The banking sector is set to receive over £200bn from the Bank of England. Tiering reserves could save the public finances billions.


While the state has to deal with more expensive public finances and households struggle with a cost of living crisis, the banking sector is set to receive over £211bn in interest payments between December 2021 and July 2028. This is far more than we need to pay for monetary policy to work and is the result of an innocuous change to the design of the monetary policy toolkit in 2009 starting to pay interest on all bank reserves held at the Bank of England. We propose reforms to the monetary system that stop these stealth subsidies to banks and in turn reduce the cost to government.

As noted by former deputy governor of the Bank of England, Sir Paul Tucker, The current predicament was not unavoidable”. The European Central Bank recently chose to cease paying interest on minimum reserves to reduce these payments to banks. The Bank of England could similarly introduce a system of tiered reserves – saving the public purse between 1.5bn and 13.4bn year.

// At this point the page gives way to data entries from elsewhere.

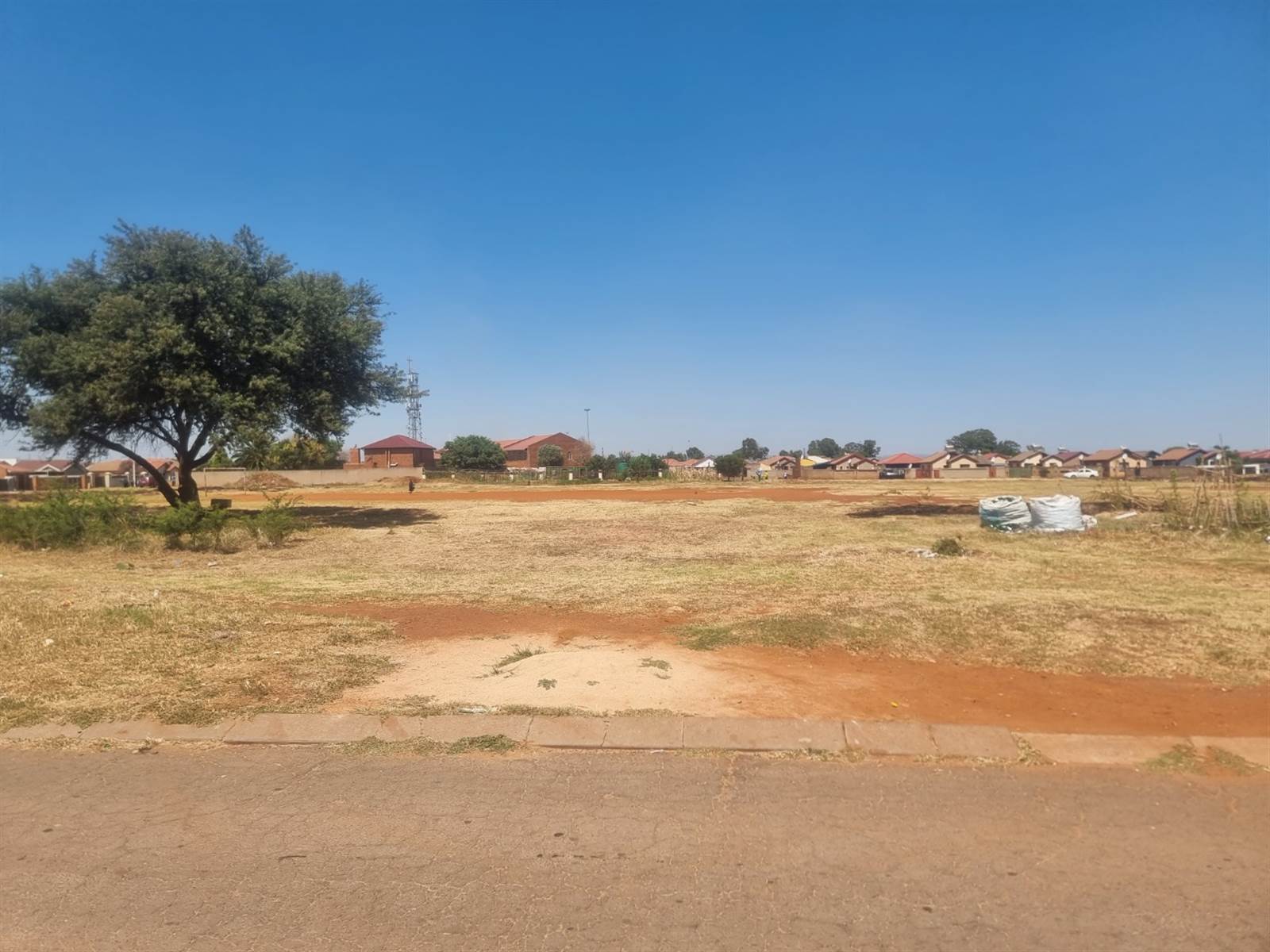 3300 m² Land available in Vosloorus photo number 7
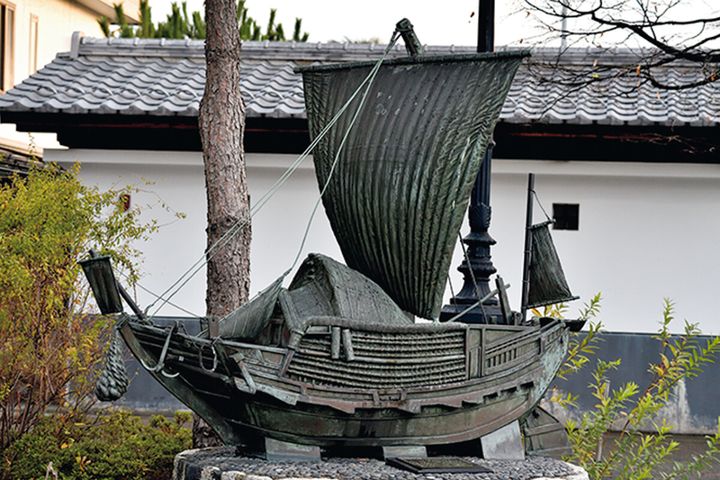 【富山ツーリング】北前船の歴史と「天然の生け簀」を巡る！港町から神通川の秘湯へ行く絶景旅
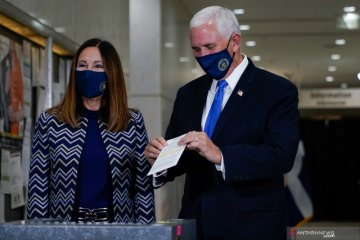 Wapres AS Mike Pence berikan suaranya di Indiana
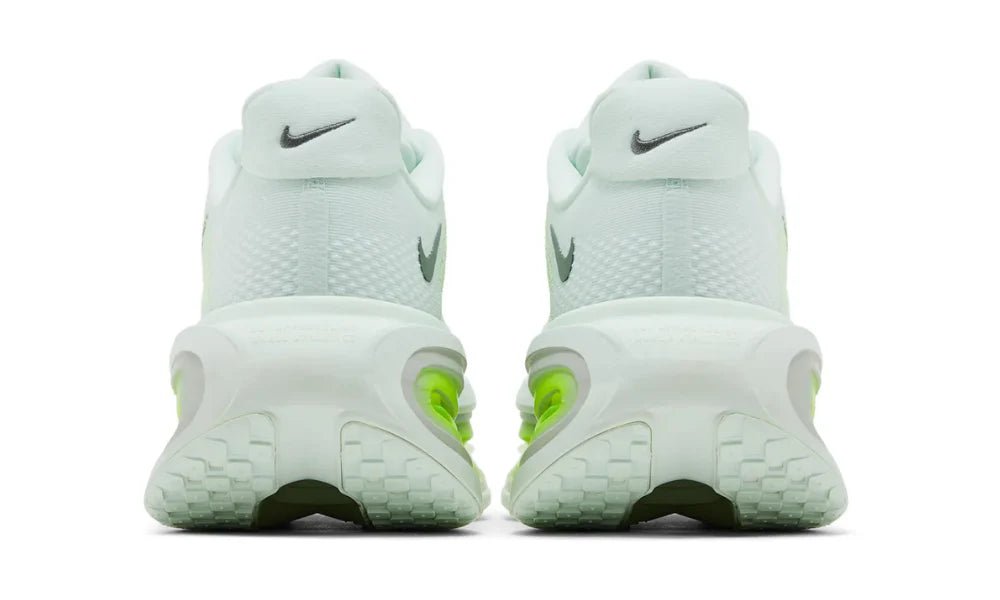 Nike Vomero Premium - Barely Volt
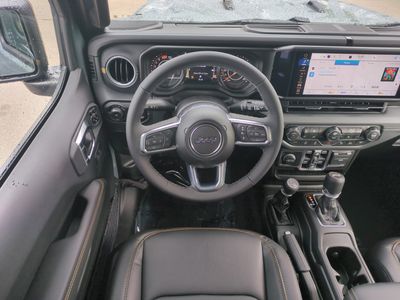 2026 Jeep Wrangler - Photo 18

Transitioning to such a framework would save the taxpayer money but is not the only way to limit unnecessary transfers to banks. Alternatives, such as a windfall taxes on banks or other financial regulations certainly also warrant consideration.

Between 2024 and 2028 there will be £34bn a year in income transfers to an already heavily subsidized banking sector. This is equivalent to 2.8% of government spending. Conventional government expenditure decisions goes through a significant democratic process of checks and balances and public scrutiny. That is not the case here. The purpose of this analysis is to show the scale of this problem and offer alternatives systems that can ease the issue.

The Macroeconomic Setting

Following the 2008 global financial crisis, economic activity stagnated with low demand and declining inflation rates. In response the Bank of England initiated its quantitative easing (QE) program, where money was created to buy government bonds. The aim was to boost aggregate demand, rejuvenate the economy and fend off seemingly dangerous low levels of inflation, by 2021 this had resulted in £875bn of new money being created to purchase these bonds.

This new money was in the form of central bank reserves — meaning it was directly added to the balances that the banking sector had with the Bank of England. This diminished the need for commercial banks to borrow reserves at the official Bank rate to meet their payments to their customers due to the abundance banks now found themselves with. To retain control over interest rates the Bank implemented a floor system’ where all central bank reserves are compensated at the policy rate which is set by the Bank. This system, with abundant central bank reserves, ensures the interbank rate (and market credit conditions more broadly) follows the floor rate’. Paying interest on these reserves is said to set a minimum floor, as banks wouldn’t lend to others (and give up reserves) below this rate and miss the opportunity of a higher profit margin.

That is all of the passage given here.